Applicability Assessment of Two Meteorological Datasets in Data-Scarce Regions: A Case Study of the Hutubi River Basin (Postprint)
Sun Mingyue
Submitted 2022-01-26 | ChinaXiv: chinaxiv-202201.00114

Abstract

In data-scarce regions, the lack of observational data for precipitation, temperature, and other variables affects the accuracy of flood forecasting, thereby impacting flood control, drought resistance, water resources planning, and related efforts. Therefore, conducting applicability analysis of existing precipitation and temperature data in such regions is essential. Using the HBV model incorporating snowmelt runoff simulation in the area above the Shimen hydrological station in the Hutubi River basin, comparative analysis and applicability analysis for snowmelt-type runoff simulation were performed on the China Land Surface Precipitation and Temperature Daily Value 0.5°×0.5° gridded dataset and the meteorological station observation dataset, based on comparisons between simulated snowmelt flood runoff and observed runoff. The results demonstrate that the snowmelt runoff simulation performance of the hydrological model driven by gridded data is generally superior to that driven by station observation data.

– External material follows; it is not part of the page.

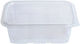 Pet Container 1000ml Transparent Rectangular Embedded Lid 100pcs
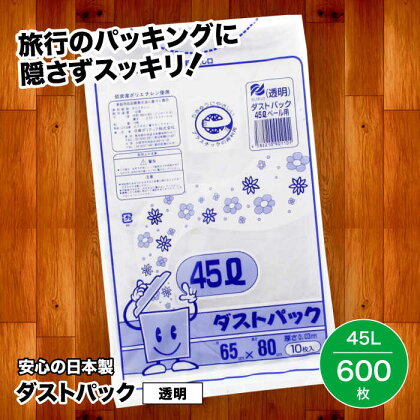 袋で始めるエコな日常！地球にやさしい！ダストパック　45L　透明（10枚入）×60冊セット 1ケース　愛媛県大洲市/日泉ポリテック株式会社[AGBR021]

The Nash coefficient for snowmelt runoff simulation by the gridded data-driven hydrological model is 0.792 during the validation period, whereas that for the station data-driven model is 0.433. Additionally, characteristics of snowmelt floods in the Hutubi River basin were analyzed, and possible causes of errors in simulated snowmelt runoff were examined in relation to the different driving datasets, providing support for improving the accuracy of snowmelt-type flood forecasting in data-scarce regions with snowmelt characteristics.

Full Text

Applicability Assessment of Two Meteorological Datasets in Data-Scarce Regions: A Case Study of the Hutubi River Basin

SUN Mingyue¹², LYU Haishen¹², ZHU Yonghua¹², LIN Yu¹², ZHANG Meijie¹²

¹State Key Laboratory of Hydrology-Water Resources and Hydraulic Engineering, Hohai University, Nanjing 210098, Jiangsu, China
²College of Hydrology and Water Resources, Hohai University, Nanjing 210098, Jiangsu, China

Abstract

In ungauged regions, the lack of observational data for precipitation and temperature affects the accuracy of flood forecasting, which in turn impacts flood control, drought relief, and water resources planning. Therefore, analyzing the applicability of existing precipitation and temperature data in ungauged areas is essential. This study applied the HBV (Hydrologiska Byråns Vattenbalansavdelning) model, which includes snowmelt runoff simulation, to the area upstream of the Shimen hydrological station in the Hutubi River Basin. Based on a comparison between simulated snowmelt flood runoff and measured runoff, we conducted a comparative analysis of two datasets: the China Meteorological Administration's gridded daily precipitation and temperature dataset and observational data from meteorological stations. The applicability of these datasets for snowmelt-type runoff simulation was evaluated.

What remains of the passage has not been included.